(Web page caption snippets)
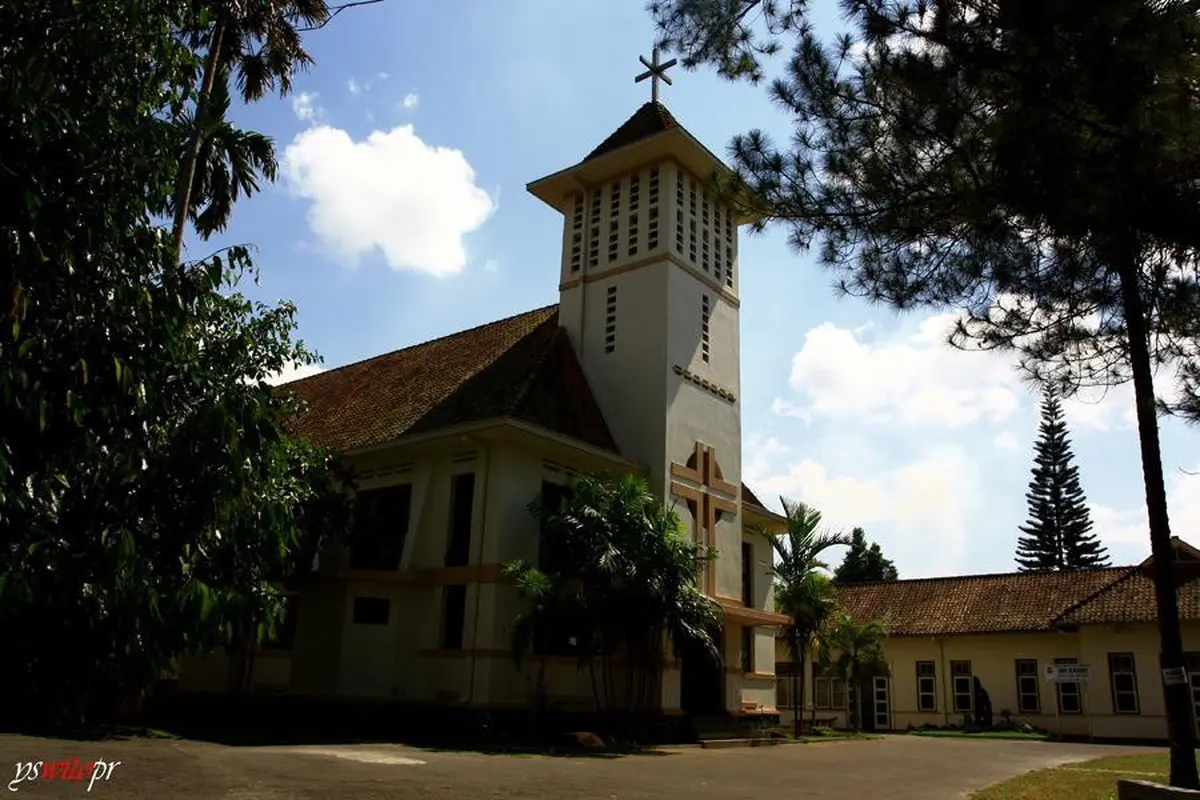 Kapel Seminari Mertoyudan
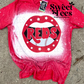 Reds Team Mouth tee
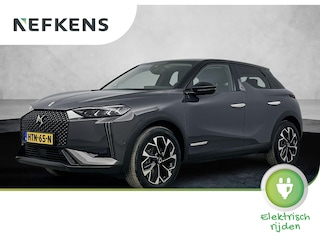 DS 3 E-Tense Antoine de Saint Exupéry 54 kWh 156pk | Lederen bekleding | Stoelverwarming | Navigatie | Apple Carplay/Android Auto | 360 Camera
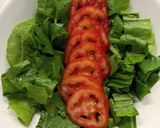 Foto del paso 1 de la receta: Ensalada de Rúcula, Tomate y Huevo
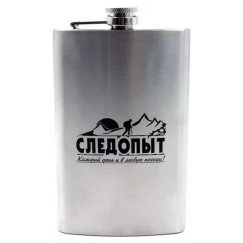 Фляжка Следопыт 260мл (PF-BD-F04)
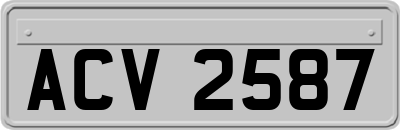 ACV2587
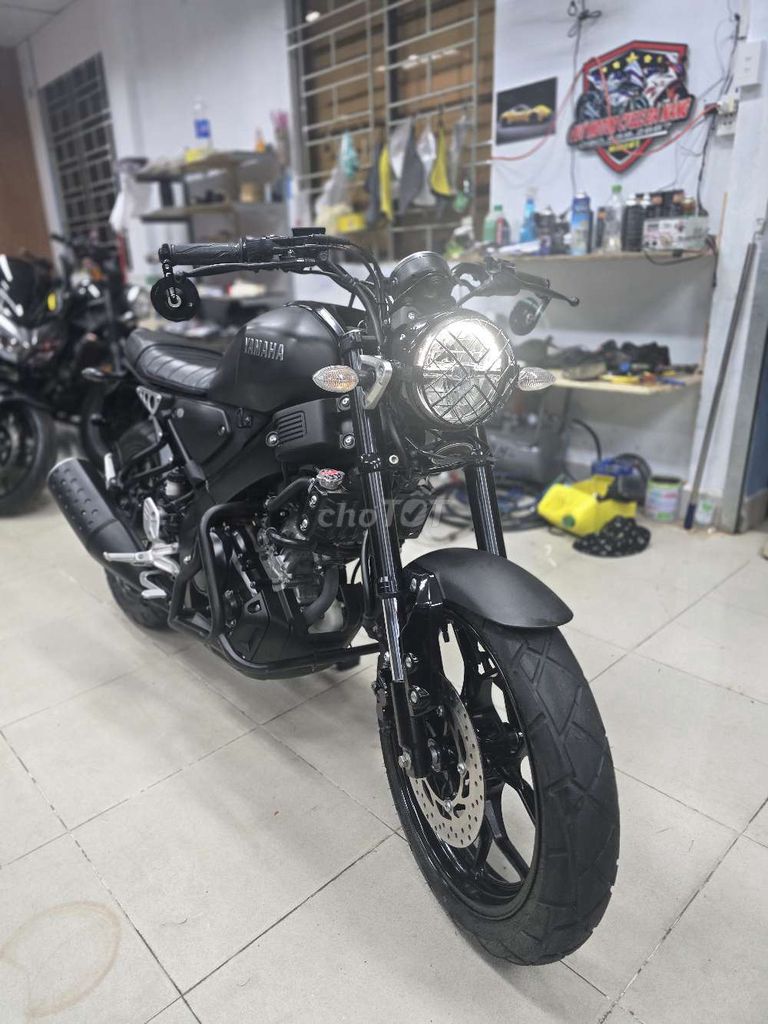 xsr155 độ đồ chơi khá nhiều đẹp,QuýMotor. Mua bán Xe máy tại Quận Thanh Khê Đà Nẵng được đăng bởi Quý Moto Cycle 21 điện biên phủ Đà Nẵng hình 1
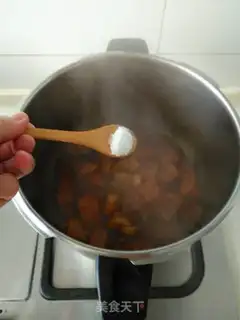 Make A beer with red meat step 10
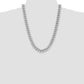 Semi-Solid Miami Cuban Chain - WBC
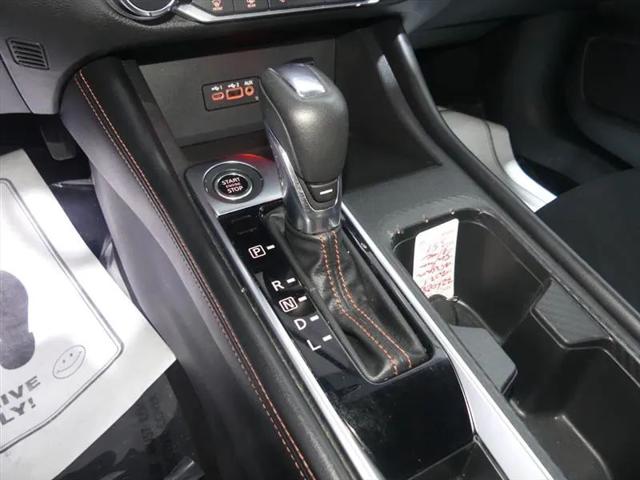 2021 Nissan Sentra SR Xtronic CVT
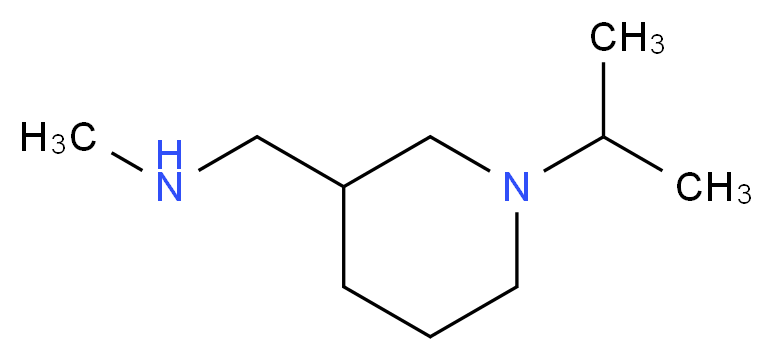 876716-01-7 molecular structure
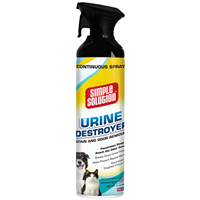 Simple Solution® Urine Destroyer Continuous Spray 17oz I013865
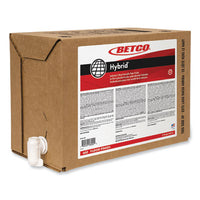 Betco® Hybrid Floor Finish, 5 gal Bag-in-Box Floor Finishes/Sealants - Office Ready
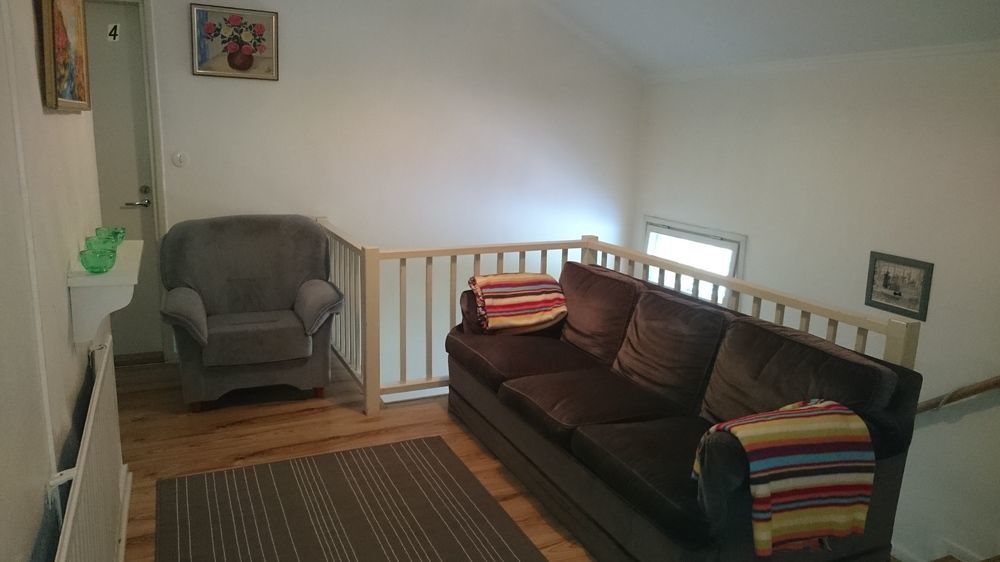 Stranda Apartment Borgå Eksteriør bilde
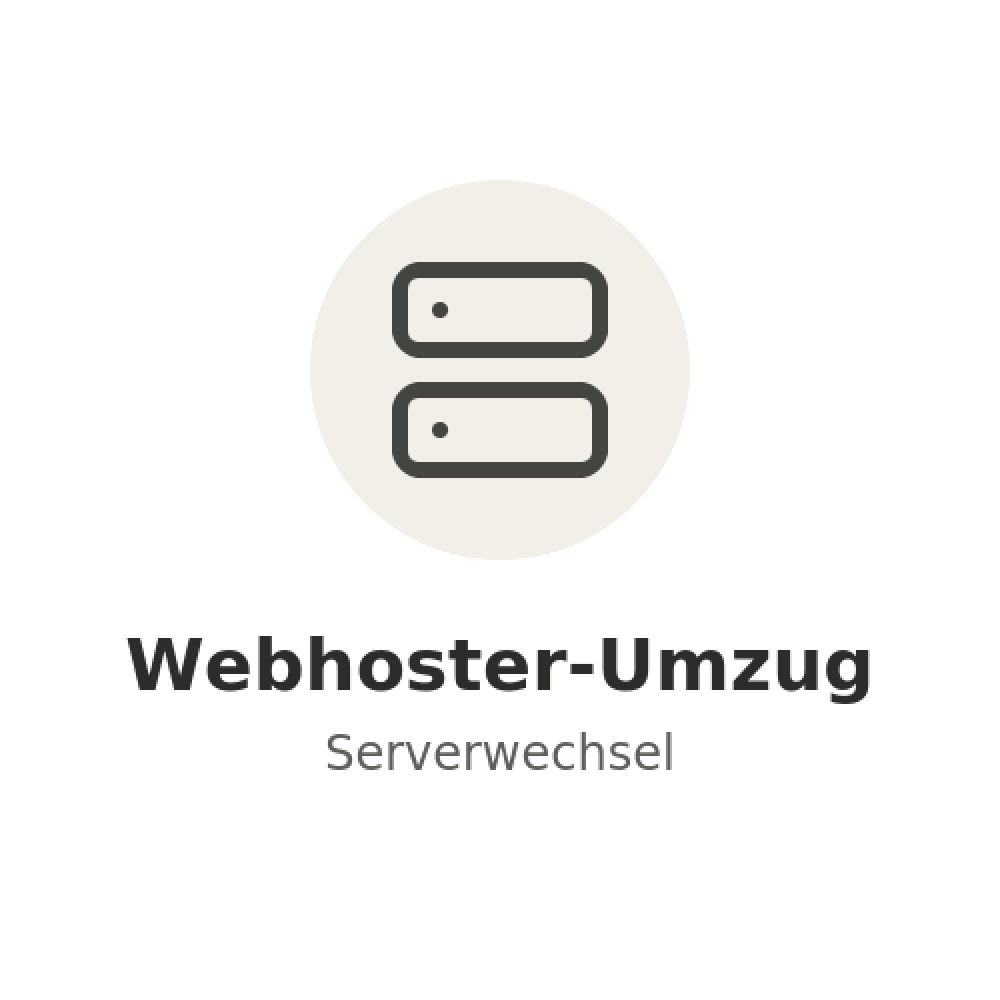 Gambio GX4 Webhoster-Umzug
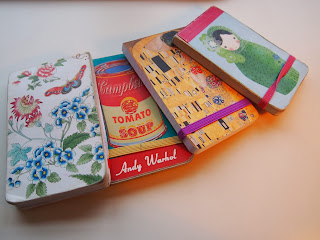 small notebooks for travel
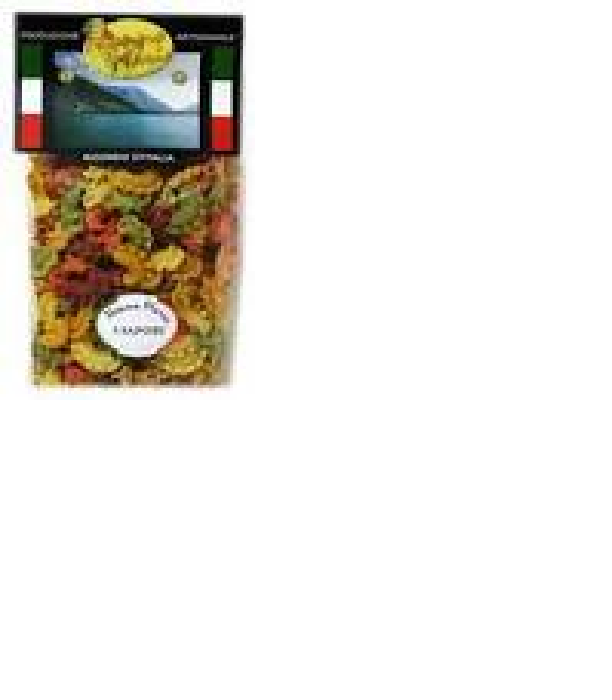 Makaroni krāsainie NONNO MARIO Creste, 500g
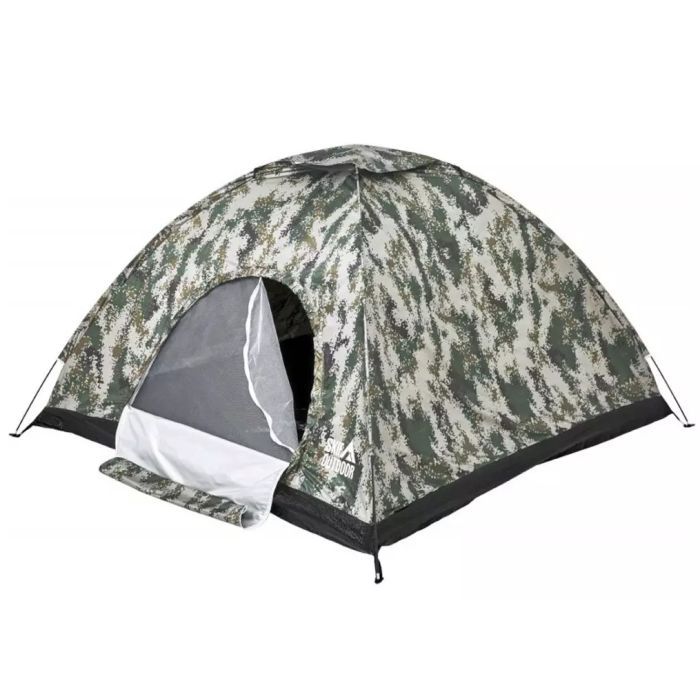 Палатка Skif Outdoor Adventure I 200x200 cm Camo (SOTSL200C) изображение 2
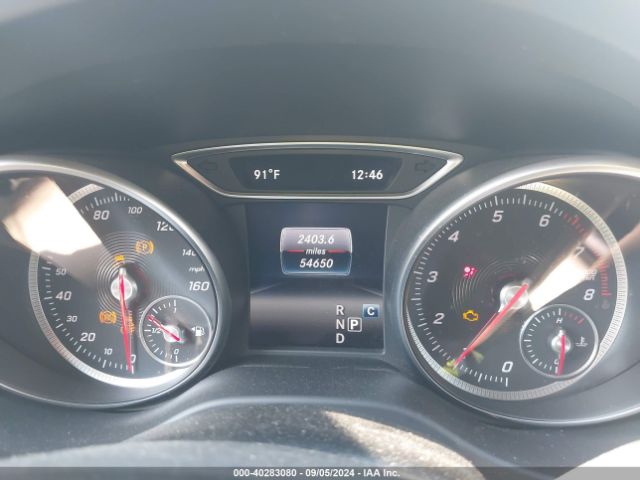 WDDSJ4GB3JN511832 Mercedes-Benz CLA 250 4MATIC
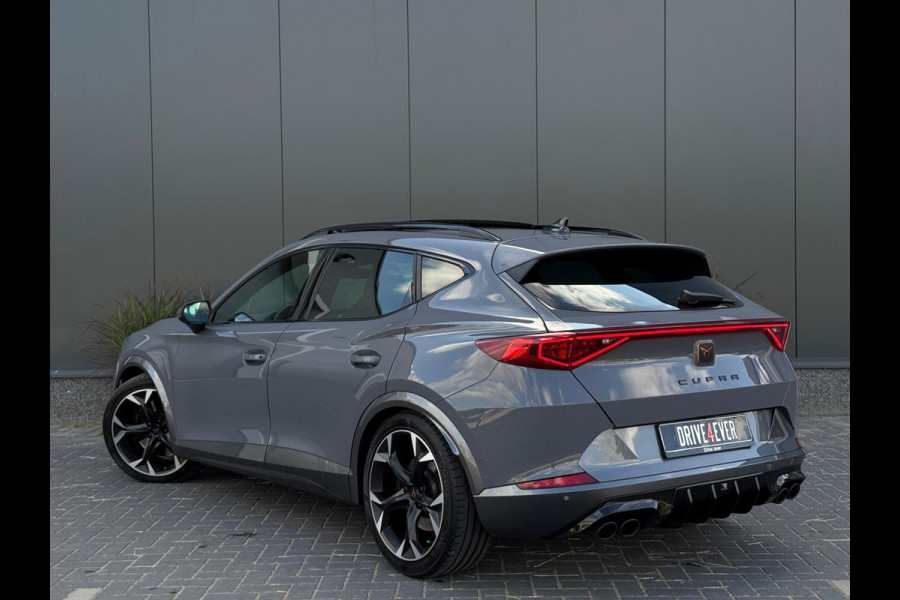 CUPRA Formentor 2.0 TSI 4DRIVE VZ 310pk FULL OPTIES PANO | NAVI | CAMERA | LEDER | CUPRA BUTON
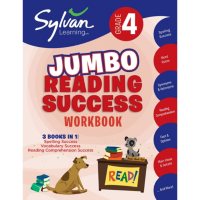 4th Grade Jumbo Reading Success Workbook: Activities, Exercises, and Tips to Help Catch Up, Keep Up, and Get Ahead
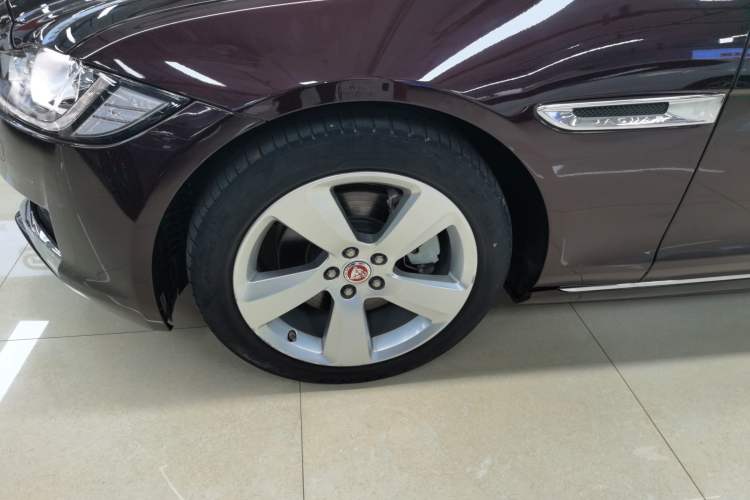 Used Jaguar XFL 2020 XFL 2.0T P200 Two-Wheel-Drive Elite Edition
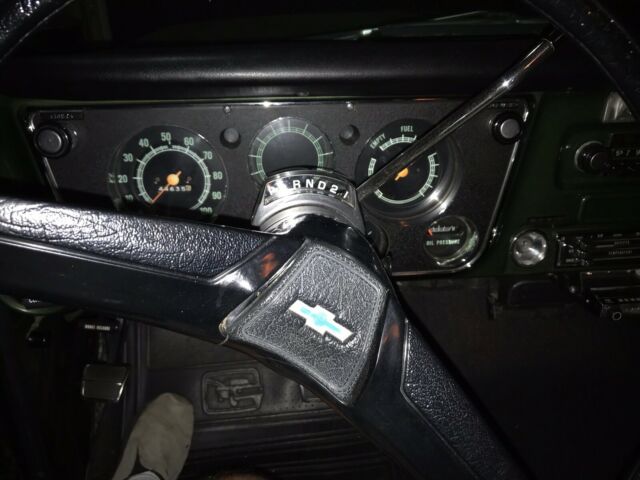 Chevrolet C10/K10 1972 image number 39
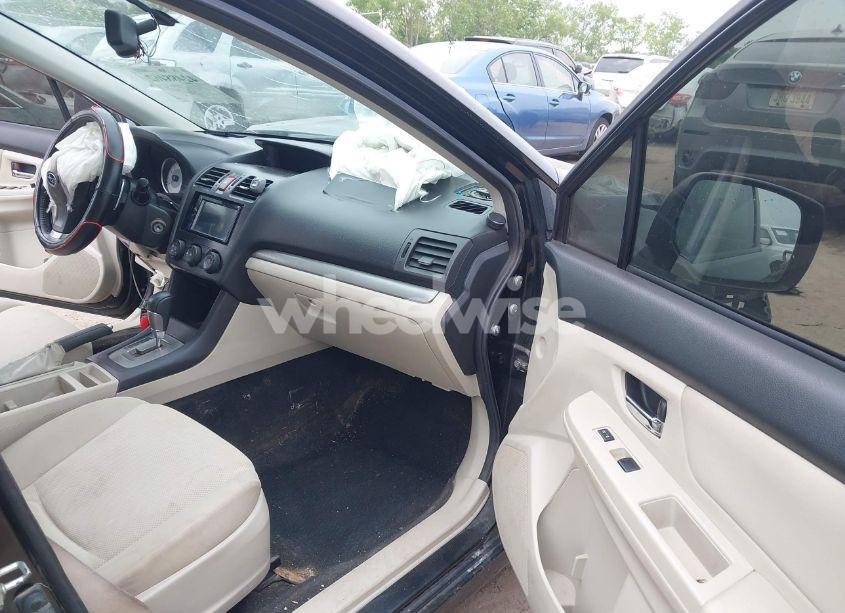 Photo 5 of 2012 Subaru Impreza 2.0I PREMIUM (VIN JF1GJAD69CH006813)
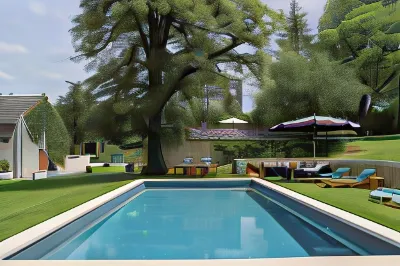 Manoir de La Croix Saint Louis "Luxury Guest House" Hotels in Toucy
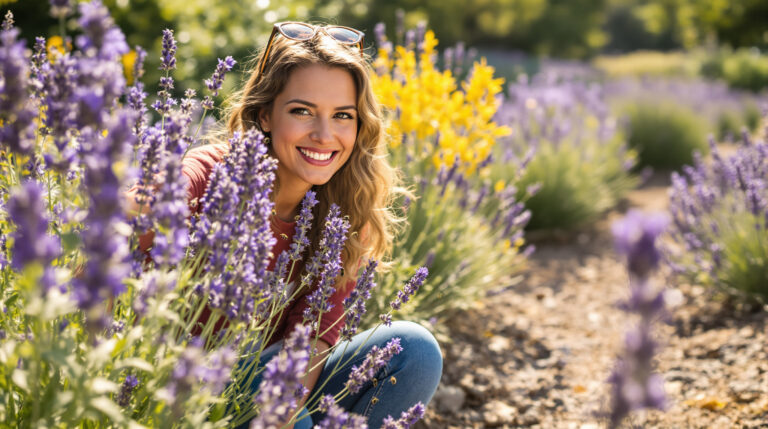 Měla jsem pochybnosti o této trvalce do suché zahrady, ale přilákala víc včel než má levandule, i během veder.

▸ **Exercise**
Only exact duplicates of the lines from the one containing "WDDSJ4GB3JN511832 Mercedes-Benz CLA" through the final line of the entries, both included, are needed, with pictures left out.

▸ **Answer for this exercise**
 WDDSJ4GB3JN511832 Mercedes-Benz CLA 250 4MATIC
 CUPRA Formentor 2.0 TSI 4DRIVE VZ 310pk FULL OPTIES PANO | NAVI | CAMERA | LEDER | CUPRA BUTON
 4th Grade Jumbo Reading Success Workbook: Activities, Exercises, and Tips to Help Catch Up, Keep Up, and Get Ahead
 Used Jaguar XFL 2020 XFL 2.0T P200 Two-Wheel-Drive Elite Edition
 Chevrolet C10/K10 1972 image number 39
 Photo 5 of 2012 Subaru Impreza 2.0I PREMIUM (VIN JF1GJAD69CH006813)
 Manoir de La Croix Saint Louis "Luxury Guest House" Hotels in Toucy
 Měla jsem pochybnosti o této trvalce do suché zahrady, ale přilákala víc včel než má levandule, i během veder.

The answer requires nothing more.